Итак, в повести фиксированы два момента в истории старика. Один обозначен портретом, на котором вместо имени художника написано «середа». Второй застает Лугин, — и первая встреча с призрачным стариком, когда художник впервые играет в штосс на его дочь, также происходит в среду. Вообще старик играет только в среду; требование ежедневной игры создает ему какие-то неудобства. Между первым и вторым моментами — временной разрыв, лакуна; она была заполнена событиями, очевидно содержавшими некую мотивировку сложившейся ситуации.
Мотивировка проясняется пунктом плана: «Старик проиграл дочь, чтобы <?>». В этой записи обычно видят указание на неосуществленное продолжение «Штосса». Но она обозначает, конечно, не продолжение, а предысторию, Vorgeschichte. Преступление, совершенное при жизни, повлекло за собою посмертное заклятие, наказание. Такого рода мотив был центральным в целой группе так называемых «романов о разрешении» («Erlosungroman»), построенных как история блужданий духа в поисках некоей определенной заранее ситуации, в которой он получает «разрешение» и освобождение от проклятия. Элементы этой типологической схемы есть и в «Мельмоте», и в хорошо известных русской литературе романах Шписса (в том числе и в переведенных Жуковским «Двенадцати спящих девах»), и в «Майорате» Гофмана, и в том же «Портрете» Гоголя и т. д.; можно с полным правом сказать, что она вообще принадлежит к числу наиболее популярных в мировой литературе. Без нее не обошелся и Одоевский: намек на нее есть в «Саламандре». Одним из вариантов заклятия, лежащего на преступном духе, является форма его посмертной жизни: он вынужден в качестве призрака периодически повторять сцену своего преступления — как правило, в том самом месте и в то самое время, когда оно было совершено.

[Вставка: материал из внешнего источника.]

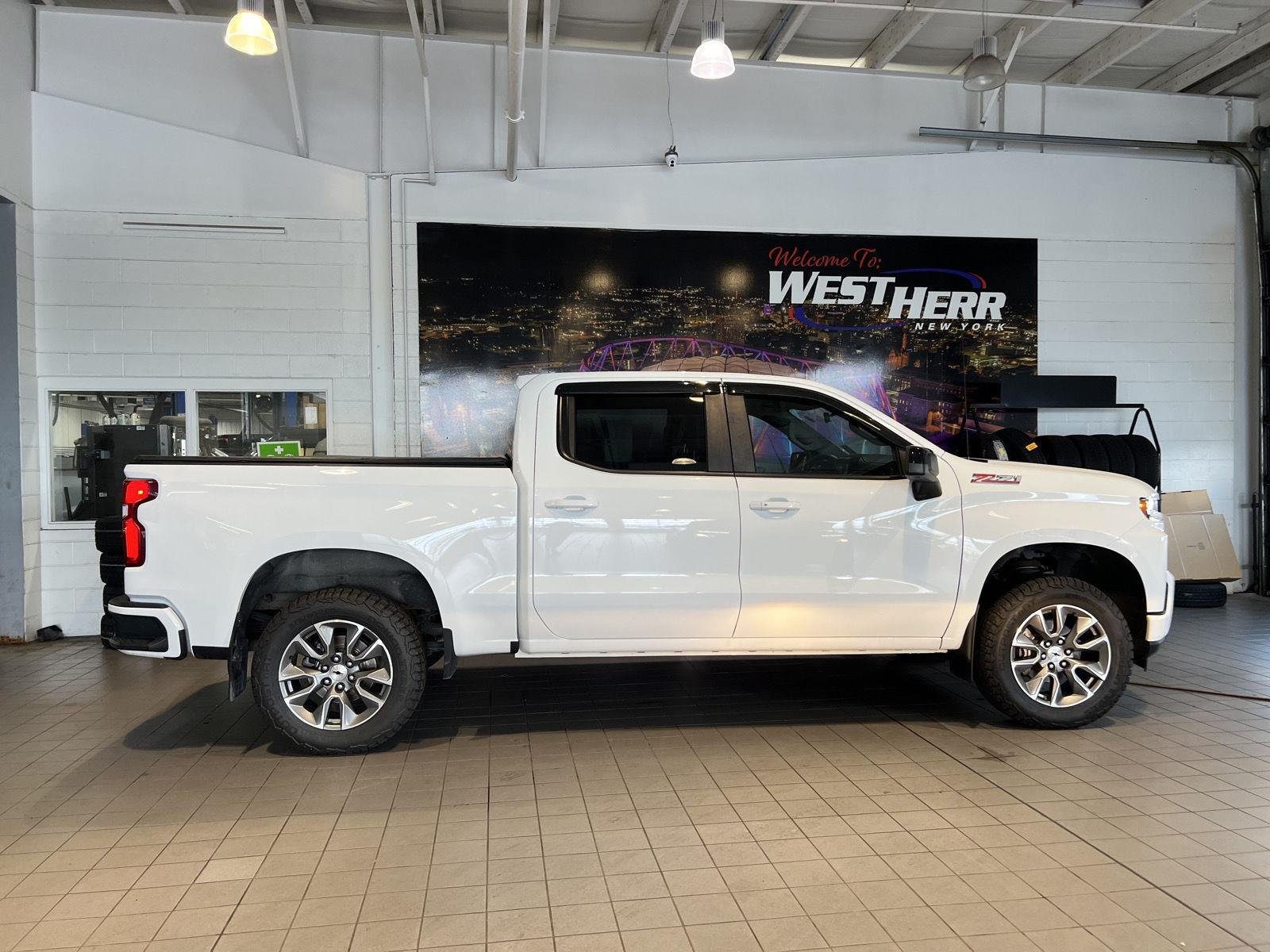 Used 2020 Summit White Chevrolet RST image 12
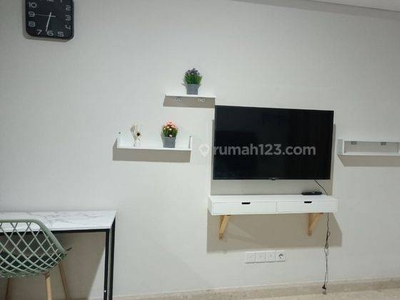 Disewakan Studio Full Furnished 29m2 Gold Coast Apartment Pik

Лермонтовский старик, по-видимому, совершил свое преступление в среду, — и каждую среду он вынужден заново проигрывать свою дочь в опустевшем доме. Ни мотив, ни сюжетный ход подобного рода не были новыми для Лермонтова. В «Тамбовской казначейше» в карты проигрывалась жена и история своеобразного поединка между гусаром, старым казначеем и Авдотьей Николаевной рассказывалась в шутливом, анекдотическом тоне. Как анекдотический сюжет, «проигрыш жены», по-видимому, перешел в бытовую сферу: Пушкин шутливо предупреждал Н. М. Смирнова, чтобы он не ставил на карту А. О. Россет, тогда еще его невесту[50]. В «высоком» литературном плане он был разработан Гофманом в «Счастье игрока» («Spielergluck», 1820)[51]; в 1830-е годы мы находим его, например, в «Рассказах Асмодея» барона А. Вольфа, отрецензированных, кстати, в «Отечественных записках»[52].